Yazoo ---> Online Help Docs ---> Yazoo scripting ---> Functions

Defining functions (properly)

In Yazoo, functions are objects. This is both a source of strength and one of Yazoo's greatest weaknesses. On the one hand, when something goes wrong we can go into a function as if it were a variable, peek at all its internal members, and fiddle around with it for the next run. The author, who has a weak sense of propriety, considers this a plus. The big drawback is that it is possible for the return value of a function to be overwritten before it gets used. There are several ways to avoid this, but at the cost of some manual labor -- about one line or so per function call.

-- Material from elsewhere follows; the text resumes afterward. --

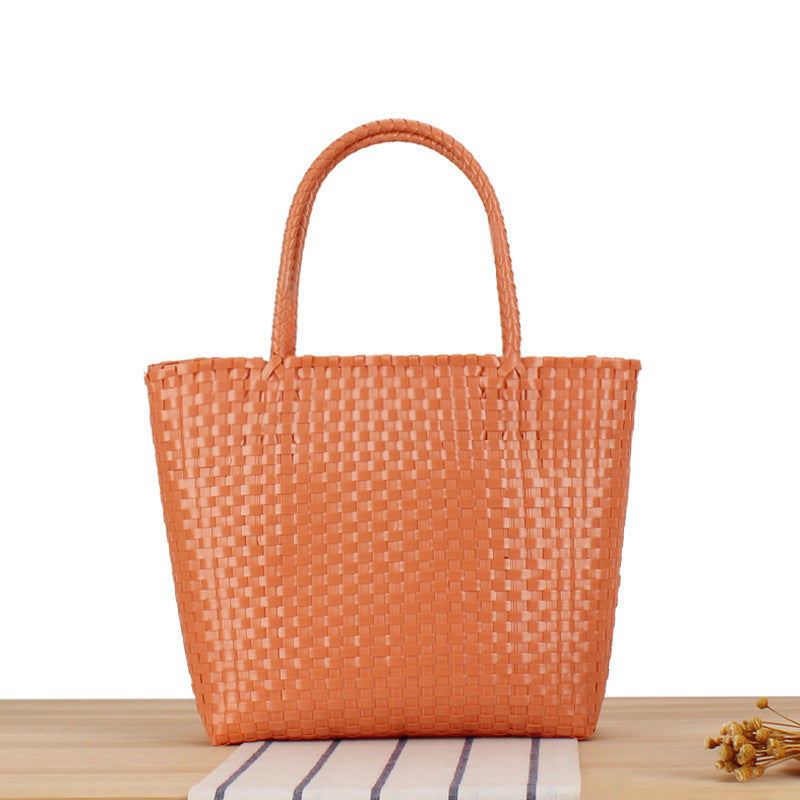 Fashionable beach bag with durable weave Bowlift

Let's demonstrate some of these unusual properties of Yazoo functions by actually writing one. As we said, functions are objects, so, unsurprisingly, we define them using the same operators we have been using for all other objects. There are two new ingredients: an args variable, containing the function arguments; and the `code' marker (semicolon for shorthand), which marks the end the function's variable definitions and the beginning of its executable code. The function exits with the classic return statement, which may or may not be followed by some object or value to pass back to the caller. It is usually easiest to define functions from scripts, not from the command line, since that allows us to avoid trying to fit the whole definition onto one line.

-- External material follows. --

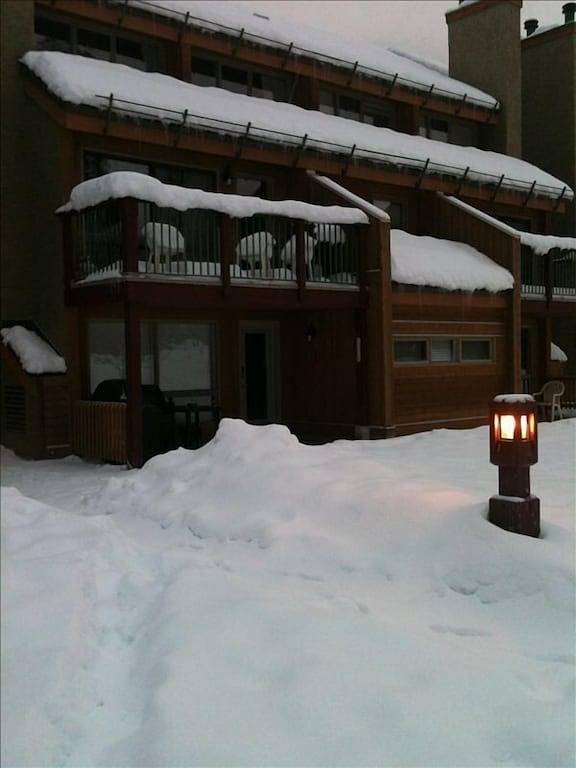 Ferienwohnung für 4 Personen, mit Whirlpool und Pool sowie Terrasse in Kanada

SwapDigits :: { lh_dig :: rh_dig :: ubyte code lh_dig = round_down(args[1] / 10) rh_dig = args[1] mod 10 return rh_dig*10 + lh_dig }

Now that we have written the function, we can run it in the normal way.

print( SwapDigits(27) )

We get 72. So far so good. If for some reason we were dubious as to whether the function had worked properly, we might reassure ourselves by checking its two members as if the function was a composite variable.

print( SwapDigits.lh_dig, " ", SwapDigits.rh_dig, "\n" )

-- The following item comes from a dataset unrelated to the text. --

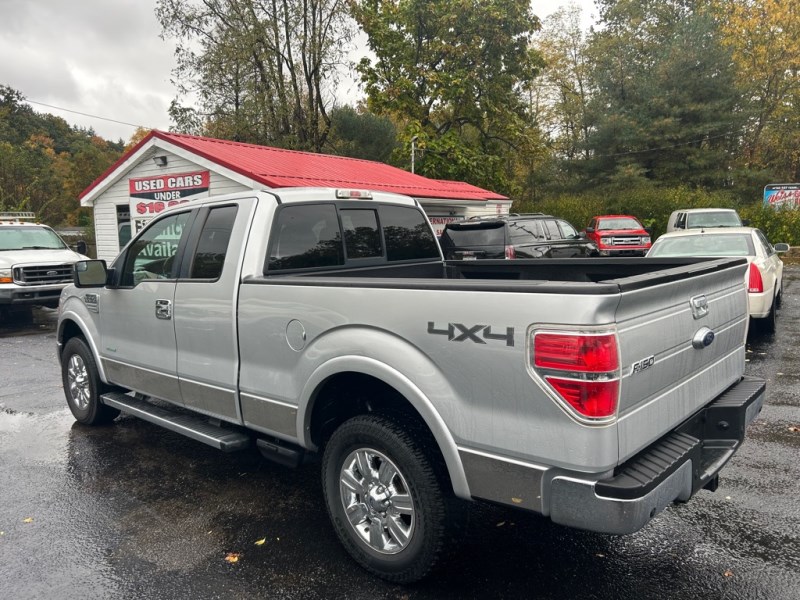 Additional photo of vehicle.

No surprises: the result is "2 7".

It may be reassuring to know that the two variables in the constructor (the part before the code marker) will definitely be defined inside the function. One might suspect that if there had already existed, say, a global member named lh_dig, then SwapDigits() would simply have tried to redefine that member. No -- the define operators always create members inside the immediate function, so we don't have to worry about accidentally reusing common member names like counter variables. (Mind that this only applies to the left-hand arguments of the define operators; on the right-hand side Yazoo searches all the way back to the workspace. And other operators such as equate don't restrict either argument: lh_dig = 5 does its job whether or not lh_dig is in SwapDigits() or not.)

As advertised, we can modify the members of a function rather arbitrarily after the function has been created. For example, we could remove one of its members, though SwapDigits would obviously stop working until we redefined that member. We can't change the function code itself, at least not with the tools we have so far, but we can introduce auxiliary codes within the function. So we can, for example, define a sub-function that prints the members of SwapDigits, as we did above.

SwapDigits.printout :: { code print(SwapDigits.lh_dig, " ", SwapDigits.rh_dig, "\n") }

Two features of printout() are noteworthy in their own right. First, there is no return statement. This is fine; when Yazoo hits the end of a function it does as if it had encountered a return with no argument. (Technically, in both cases it returns nothing, literally, as in: it returns the void.) The second point is that since printout() was defined from a path that did not pass through SwapDigits(), it does not have automatic access to SwapDigits's variables and thus has to name SwapDigits.lh_dig and SwapDigits.rh_dig explicitly.

Because they are objects, functions can be used as templates for defining other functions. For example, we could write:

SD2 :: SwapDigits

Now SD2 will contain the two variables lh_dig and rh_dig, and it will have all the code that followed the code marker in SwapDigits's original definition. In hindsight we really should have defined printout() in the original definition of SwapDigits(). The reason is that printout() will not be present in SD2, since we added printout() separately and therefore it is not part of the definition of SwapDigits. For this reason (and only this reason) a command like

SD2 = SwapDigits

will give a type-mismatch error. Perhaps a slight misnomer, since their types are actually the same (those depend only on the original definition) -- but their data structures do not match. Likewise, we could not have defined SD2 using

SD2 := SwapDigits | define-equate

(note the colon) since that would caused the same error for the same reason.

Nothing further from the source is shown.